Lucas Seguinot argues that award shows need drastic reform. In recent years there have been various voting mistakes. Seguinot believes that the winners should be reviewed. Additionally he claims voters should be changed.

Lucas Seguinot, Lead Features Editor

Every year, award season comes around and embarrasses itself. From the Golden Globes in the beginning of January to the Academy Awards (commonly known as the Oscars) which usually takes place in March, there is a new scandal. This year’s Grammys take the cake for me, though. Who won song of the year(won by Bonnie Raitt) and how did Harry Styles win album of the year? No disrespect to either artist because their work was great and they deserved the nomination, but there are better options for both of these awards. This isn’t a stand-alone case, though. These award shows, especially the Grammys, have a history of making controversial and in my opinion wrong decisions about winners. 


First, it is important to recognize how the winners are chosen. In regards to the Grammys, winners are chosen by members of the Recording Academy. To ensure fairness, Academy members (fellow artists, producers, and more) are tied to a category in which they participate and vote in. In theory, this does make sense; who better to choose winners than people who pursue music for a living? Masters even uses similar logic in the concept of Community Council; peers recommending appropriate consequences for fellow peers. Currently, the Oscars follow a voting structure almost exactly the same as that of the Grammys. So why is it so faulty? There is no exact reason. The only reason that can be possibly attributed to this is personal bias or lack of knowledge on their section.  Nevertheless, something needs to be done to revamp this system. Only 12.4 million viewed the Grammys this year compared to 2012’s 39 million people, and for the Oscars 15.3 million watched in 2022. This is a 24 million drop in viewership compared to the 39 million in 2012.

Famous Mistakes

What truly demolishes my view of these awards are the snubs and notable losses.

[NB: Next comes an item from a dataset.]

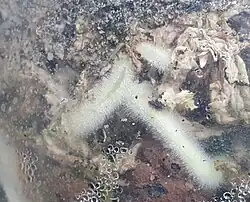 Detalhe de Hippeastrum calyptratum (Ker Gawl.) Herb. raízes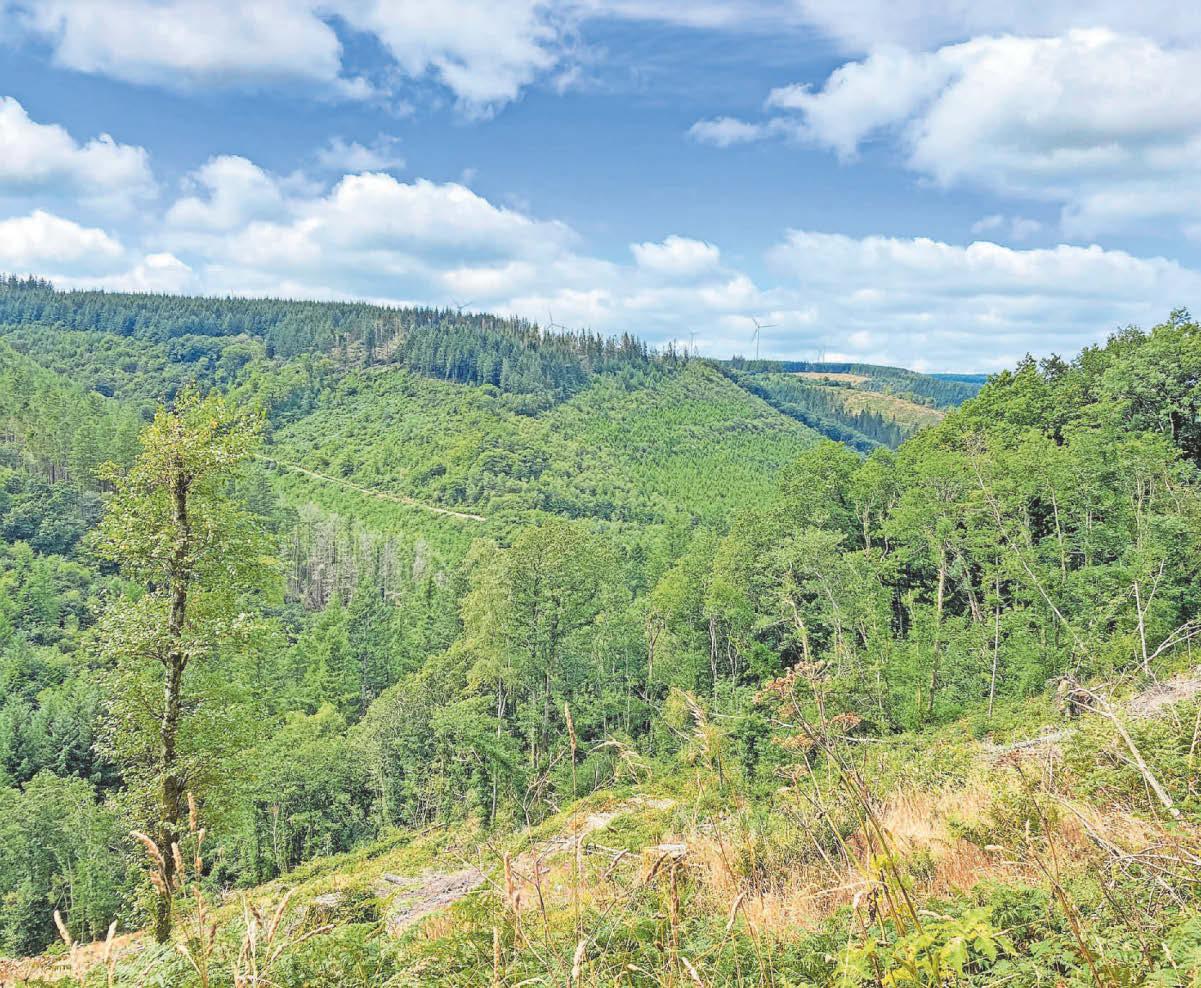 TURBINE FEARS FOR 'PARADISE'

One perfect example of this is Macklemore beating Kendrick Lamar for Best Rap album in 2014. Macklemore’s album The Heist won five Grammys that year and deserves its flowers, but Kendrick Lamar’s Good Kid, Mad City is known as a generational storytelling album about Kendrick Lamar’s life growing up in Compton, California. Even Macklemore agreed that Lamar should have won the Grammy. “ You got robbed… It’s weird and sucks that they robbed you”. These are the exact words Macklemore sent over text.

On the Oscar side, one perfect example is one win in 11 nominations for legendary director Stanley Kubrick. He was nominated for 4 movies including Clockwork Orange, Doctor Strangelove or: How I Stopped Worrying and Love the Bomb, Barry Lydon, Full Metal Jacket and lastly Space Odyssey. His only win was Space Odyssey, in which he won Best Visual Effects. To make matters worse, Kubrick didn’t receive a nomination for any of his parts of The Shining

Lastly, the Golden Globes didn’t nominate the 2019 film Roma for Best Picture because there was a rule that non-English films couldn’t receive nominations in that category. In comparison, Roma was nominated for 10 and won three at the Oscars. They received a nomination for Best Picture at the Oscars but fell short. Thankfully they change this rule in 2022. This rule is a disgrace to all non-English language movies in the past and it is appalling to see how long it took for such a prominent body as the Hollywood Foreign Press Association to change this rule. 

What can these awards do better in the future? Well, the goal is to return to the glory days when viewership was the highest. Some controversy is alright, but only scenarios that don’t harm the reputation. What they should do is review the winners and overlook who can vote. After horrible voting, those people shouldn’t be able to vote again. Also, the glitz and glamor of iconic hosts and tributes made these events more special. I look forward to hopefully seeing the glory days return.